## Image-caption web data
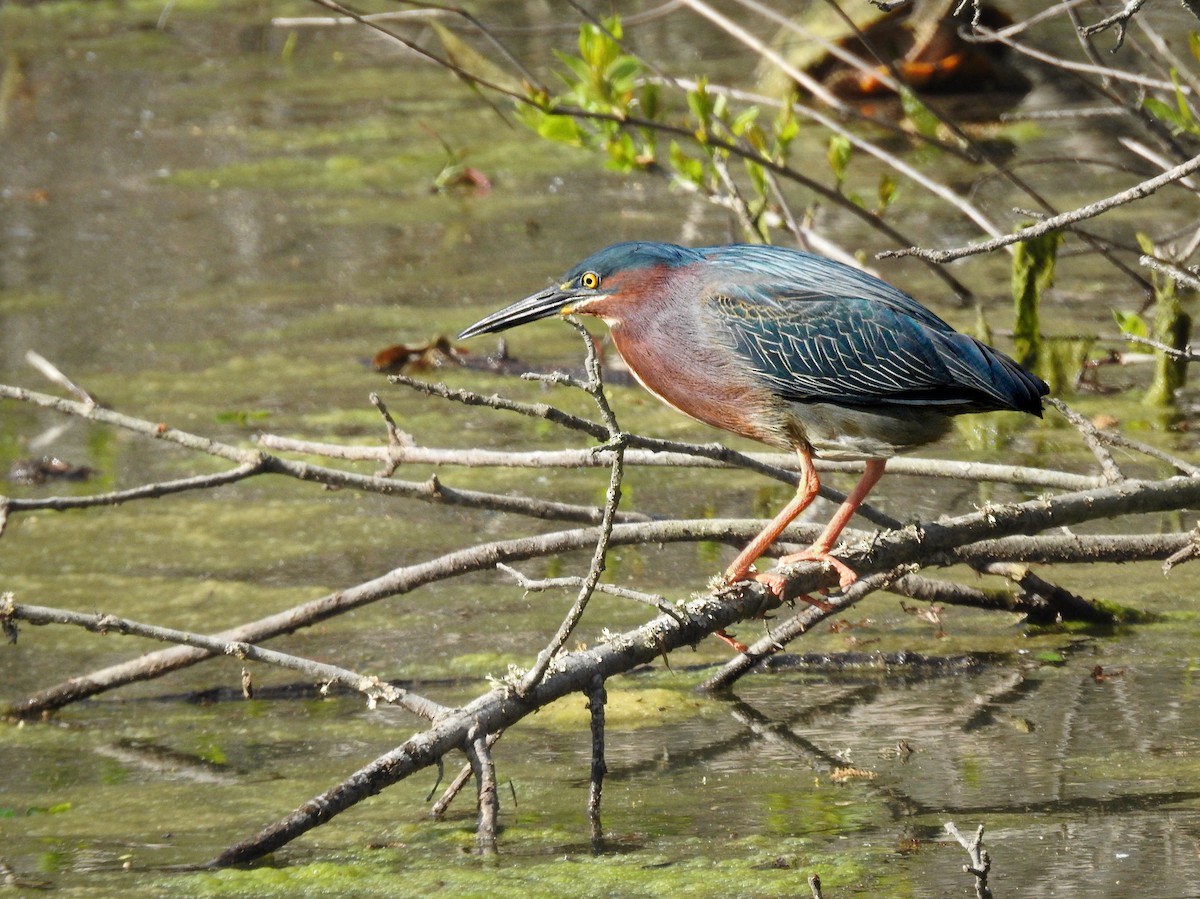 Green Heron - ML633616333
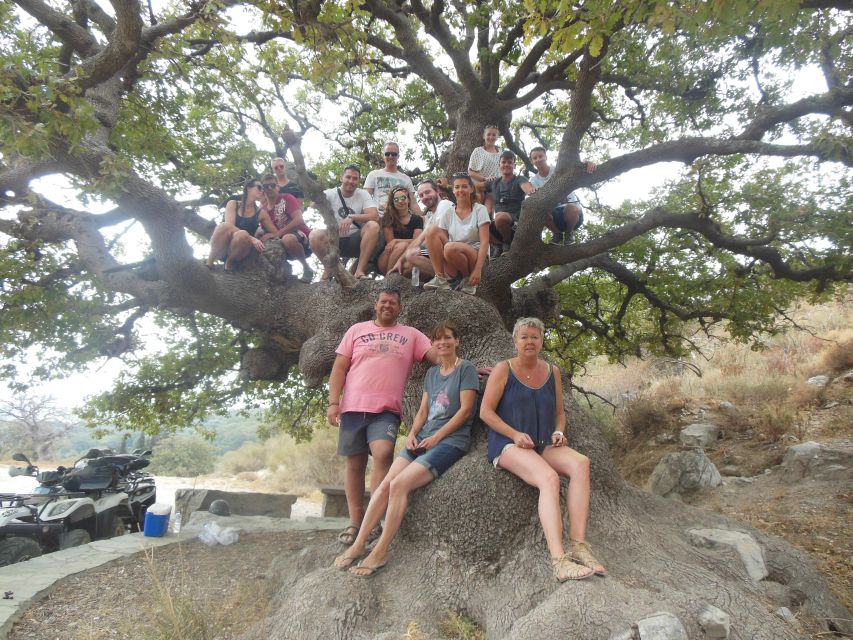 Hersonisos - Malia :off-road quad safari with transfer+Lunch - Vassilakis Estate and the taste of Crete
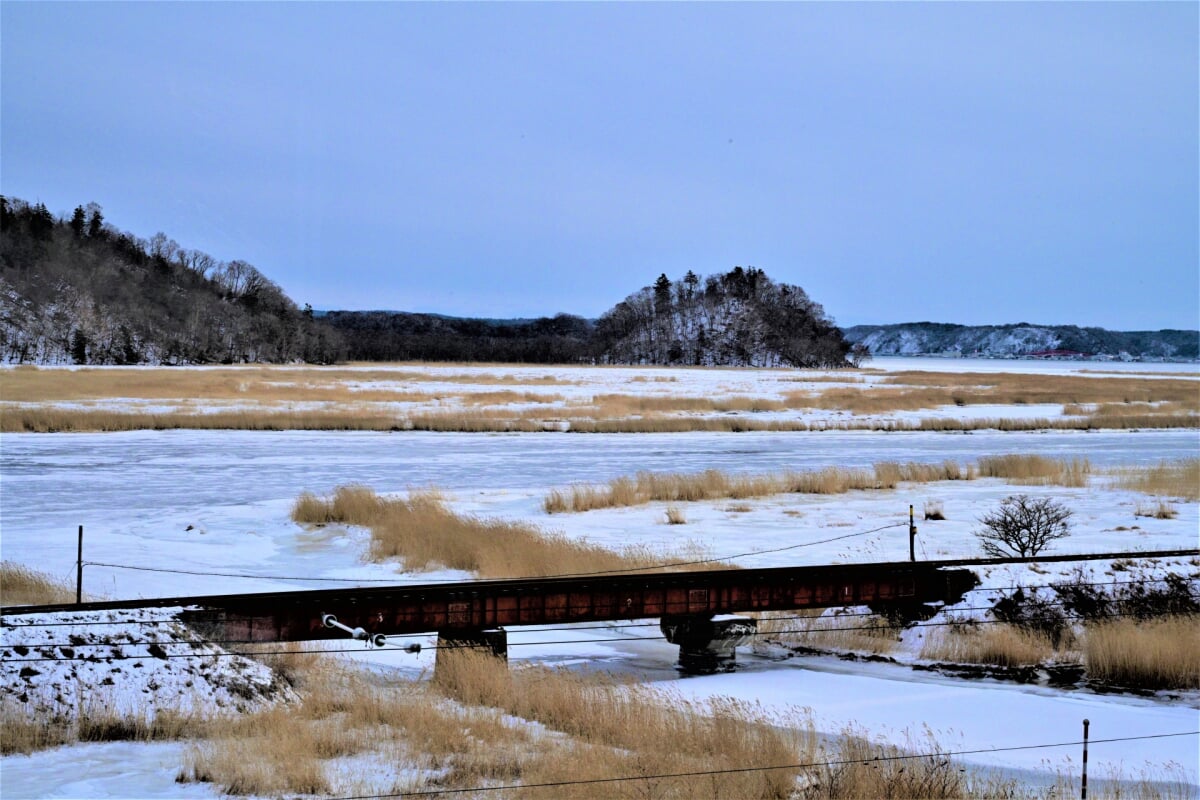 別寒辺牛湿原の写真1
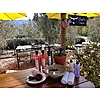 Owl's Rest Olive & Lavender Farm Home of Owl's Products photo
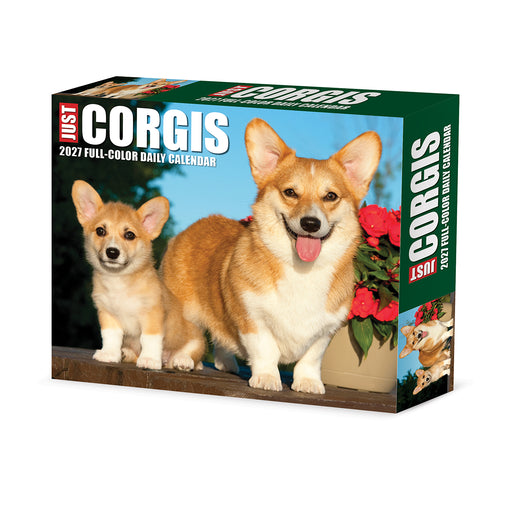Corgis 2027 Page-A-Day Calendar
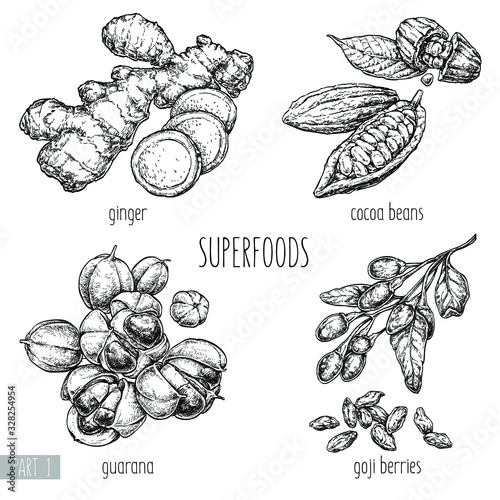 Superfood hand drawn vector illustration. Ginger, goji berries, guarana, cocoa beans on white background. Healthy food. Engraving sketch vintage style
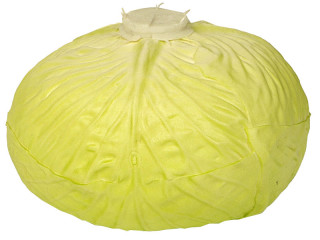 cabbage "natural" 16cm green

## WHAT YOU NEED TO DO
Exactly repeat only the lines from the one with "Superfood hand drawn" to the closing line above, both included, and omit every picture.

## REPLY
 Superfood hand drawn vector illustration. Ginger, goji berries, guarana, cocoa beans on white background. Healthy food. Engraving sketch vintage style
 cabbage "natural" 16cm green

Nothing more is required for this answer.